O Mitto Moscato, como o nome diz, é um vinho jovem, bastante aromático - onde se destacam flores brancas, limão siciliano e maçã verde – e com ótimo frescor na boca. Ótima pedida para acompanhar saladas de folhas.

O Yelcho SB 2011 já é um vinho um pouco mais marcante. As frutas cítricas se destacam no aroma e vêm acompanhadas por notas de frutas tropicais, de pimentão verde e pimenta fresca. O paladar confirma frutas cítricas e tropicais, tem ótima acidez, certa untuosidade e algumas notas minerais, o que torna o vinho bastante interessante, principalmente levando-se em conta sua faixa de preço por volta dos R$ 30,00.

Ambos foram escoltados por uma cestinha de pães acompanhada por um antepasto de berinjela e uma clássica sardela, ambos muito bons.

Após esse passeio pelos brancos já estávamos aptos a escolher nossas pastas artesanais do Empório D’Vino, já que, em princípio, o molho já estava definido: o fantástico limão siciliano com presunto parma.

Pastas eleitas, escolhemos o sempre correto Montes Selection Pinot Noir para preparar as papilas para um grande Pinot Noir que viria pela frente: o Ventisquero Herú 2010, a grande estrela da noite!

O site da Ventisquero traz uma historinha interessante sobre o nome do vinho, sob o título “A partir de nossa imaginação para as mesas do mundo”: Heru é o testemunho de uma lenda que fala de um lugar chamado Casablanca, protegido por duendes mágicos sob o olhar de seu líder de boné vermelho, e onde todo feitiço é possível”. Sabores incomparáveis ​​atingem seu esplendor no terceiro mês do ano, momento em que a Pinot Noir do lote 34 é extraída utilizando todos os cuidados que devem ter os frutos de um feitiço”.


Tudo meio bobinho, mas interessante a forma como a vinícola trata uma das suas estrelas.

Vamos à lenda:

A coloração vermelho rubi médio com tons violáceos não lembra em nada os clássicos Pinot Noirs da Borgonha, mas sim os vinhos mais tinturados típicos da América do Sul.

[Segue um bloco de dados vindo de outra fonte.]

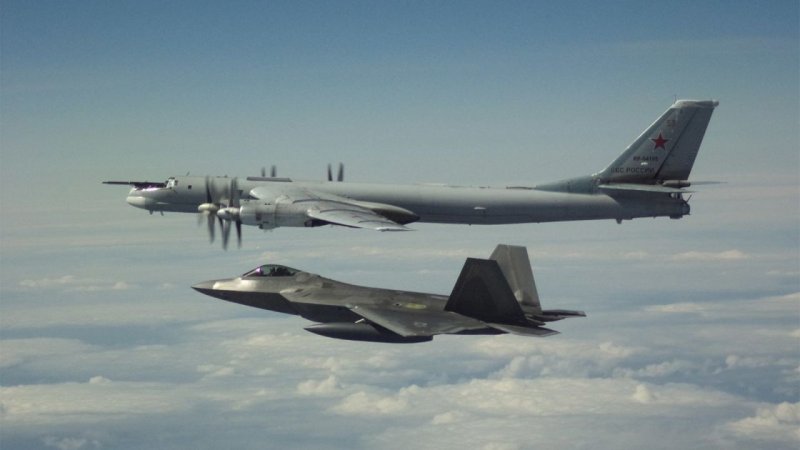 رهگیری دو بمب‌افکن‌ روسیه در نزدیکی آلاسکا توسط جنگنده‌های آمریکا
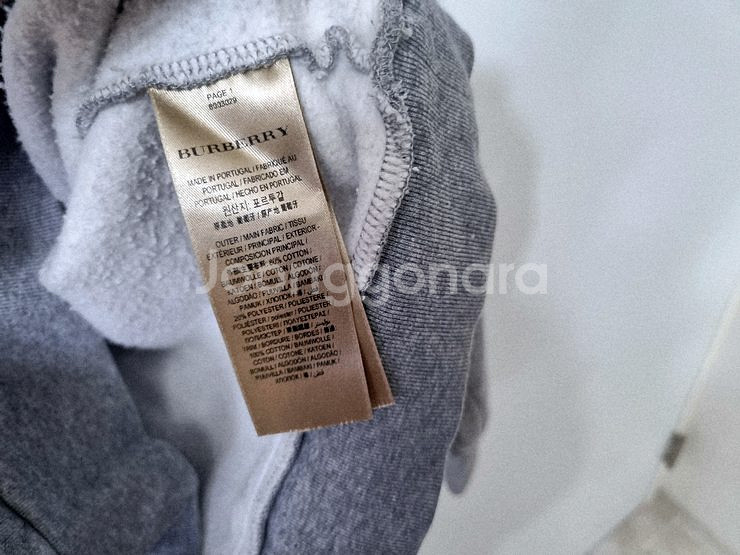 버버리 여성 맨투맨--5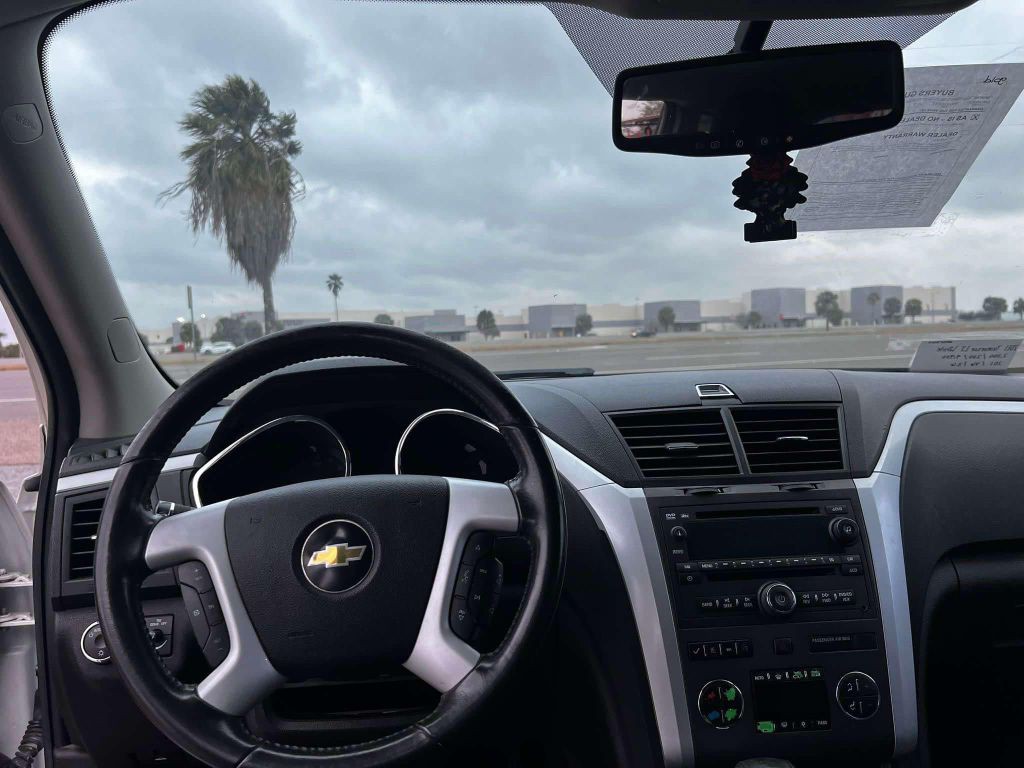 2011 Chevrolet Traverse Image 6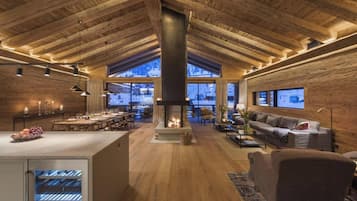 Chalet | Interior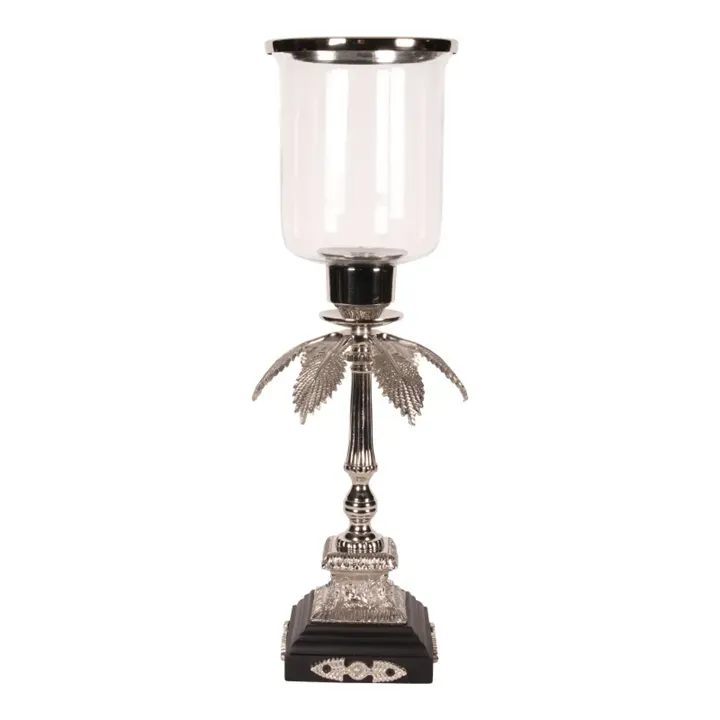 Hurricane Windlicht Palme Silber Messing Glas 60 cm Silbernes Palmen-Windlicht Hurricane aus Messing & Glas, 60cm. Exklusiver Kerzenhalter für das Schweizer Zuhause.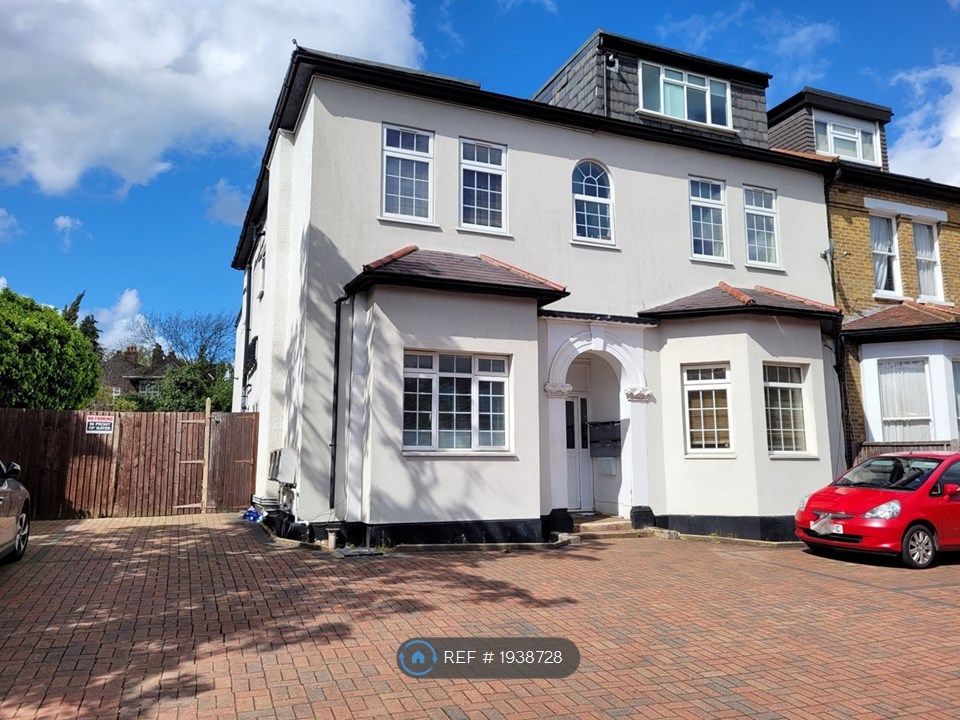 Studio to rent in Finchley Lane, London NW4, £1,100 pcm Zoopla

Já no nariz, os aromas de morangos e framboesas maduras, acompanhados de cerejas em calda se aproximaram mais do estilo dos bons Pinot Noir, mas as notas de baunilha e côco, apesar de serem bem agradáveis, me tiraram um pouco do prazer que é degustar um PN. No paladar também mostrou-se bem agradável, com boa fruta - uma mescla de vermelhas maduras -, acidez correta, uma presença discreta de taninos e uma certa mineralidade. O Herú 2010 passou 14 meses em barricas de carvalho francesas, sendo 35% novas, 35% de segundo uso e 30% de terceiro uso e, apesar de ser muito bem integrada, a presença da madeira me desagrada um pouco nos Pinot Noirs.

O raviolone de espinafre com molho de limão siciliano e presunto Parma foi uma harmonização sensacional para o Herú 2010.

"Moral da história": o Herú 2010 é um vinho extremamente saboroso, de qualidade indiscutível e, dentro desse perfil Pinot Noir com passagem por barricas, é certamente um dos melhores do Chile, porém, como já mencionei em outras ocasiões, este tipo de Pinot Noir não preenche minhas expectativas de degustar um vinho produzido com esta casta tão delicada. Continuo preferindo o estilo Borgonha de produzir a partir de Pinot Noir!

R$ 180,00 (Cantu) | Álcool 14%

Avaliação VINHO SIM: ÓTIMO / Relação QUALIDADE-PREÇO: BOA.